### [Task instructions]
The records that follow must be repeated exactly as they stand.

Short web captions
+---+
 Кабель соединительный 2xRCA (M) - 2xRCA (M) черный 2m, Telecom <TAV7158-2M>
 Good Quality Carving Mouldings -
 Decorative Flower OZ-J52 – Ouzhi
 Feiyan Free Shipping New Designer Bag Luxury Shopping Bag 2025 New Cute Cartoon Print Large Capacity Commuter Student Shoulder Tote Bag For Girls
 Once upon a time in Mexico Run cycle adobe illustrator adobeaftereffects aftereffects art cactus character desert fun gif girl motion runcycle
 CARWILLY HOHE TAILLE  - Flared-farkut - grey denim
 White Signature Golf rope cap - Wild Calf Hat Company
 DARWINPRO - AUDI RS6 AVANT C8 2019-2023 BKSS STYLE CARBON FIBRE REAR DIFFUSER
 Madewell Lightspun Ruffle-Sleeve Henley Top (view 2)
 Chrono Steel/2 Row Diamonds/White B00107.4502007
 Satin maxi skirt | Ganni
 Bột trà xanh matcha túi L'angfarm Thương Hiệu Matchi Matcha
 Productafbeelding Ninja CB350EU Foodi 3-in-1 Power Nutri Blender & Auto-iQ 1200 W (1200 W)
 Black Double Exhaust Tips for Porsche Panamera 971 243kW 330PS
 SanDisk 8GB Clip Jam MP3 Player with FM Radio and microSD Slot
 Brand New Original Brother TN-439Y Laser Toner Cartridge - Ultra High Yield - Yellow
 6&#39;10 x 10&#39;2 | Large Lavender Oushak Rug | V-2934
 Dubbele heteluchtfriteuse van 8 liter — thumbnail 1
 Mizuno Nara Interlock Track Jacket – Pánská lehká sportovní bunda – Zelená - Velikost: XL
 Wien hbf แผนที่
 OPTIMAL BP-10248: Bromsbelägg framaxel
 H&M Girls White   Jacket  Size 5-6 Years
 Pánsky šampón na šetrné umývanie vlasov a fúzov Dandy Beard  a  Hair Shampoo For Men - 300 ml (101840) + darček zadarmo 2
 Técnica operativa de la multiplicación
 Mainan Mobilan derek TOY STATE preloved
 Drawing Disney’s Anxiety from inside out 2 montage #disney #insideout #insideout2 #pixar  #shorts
+---+
### [Answer space]
 Кабель соединительный 2xRCA (M) - 2xRCA (M) черный 2m, Telecom <TAV7158-2M>
 Good Quality Carving Mouldings -
 Decorative Flower OZ-J52 – Ouzhi
 Feiyan Free Shipping New Designer Bag Luxury Shopping Bag 2025 New Cute Cartoon Print Large Capacity Commuter Student Shoulder Tote Bag For Girls
 Once upon a time in Mexico Run cycle adobe illustrator adobeaftereffects aftereffects art cactus character desert fun gif girl motion runcycle
 CARWILLY HOHE TAILLE  - Flared-farkut - grey denim
 White Signature Golf rope cap - Wild Calf Hat Company
 DARWINPRO - AUDI RS6 AVANT C8 2019-2023 BKSS STYLE CARBON FIBRE REAR DIFFUSER
 Madewell Lightspun Ruffle-Sleeve Henley Top (view 2)
 Chrono Steel/2 Row Diamonds/White B00107.4502007
 Satin maxi skirt | Ganni
 Bột trà xanh matcha túi L'angfarm Thương Hiệu Matchi Matcha
 Productafbeelding Ninja CB350EU Foodi 3-in-1 Power Nutri Blender & Auto-iQ 1200 W (1200 W)
 Black Double Exhaust Tips for Porsche Panamera 971 243kW 330PS
 SanDisk 8GB Clip Jam MP3 Player with FM Radio and microSD Slot
 Brand New Original Brother TN-439Y Laser Toner Cartridge - Ultra High Yield - Yellow
 6&#39;10 x 10&#39;2 | Large Lavender Oushak Rug | V-2934
 Dubbele heteluchtfriteuse van 8 liter — thumbnail 1
 Mizuno Nara Interlock Track Jacket – Pánská lehká sportovní bunda – Zelená - Velikost: XL
 Wien hbf แผนที่
 OPTIMAL BP-10248: Bromsbelägg framaxel
 H&M Girls White   Jacket  Size 5-6 Years
 Pánsky šampón na šetrné umývanie vlasov a fúzov Dandy Beard  a  Hair Shampoo For Men - 300 ml (101840) + darček zadarmo 2
 Técnica operativa de la multiplicación
 Mainan Mobilan derek TOY STATE preloved
 Drawing Disney’s Anxiety from inside out 2 montage #disney #insideout #insideout2 #pixar  #shorts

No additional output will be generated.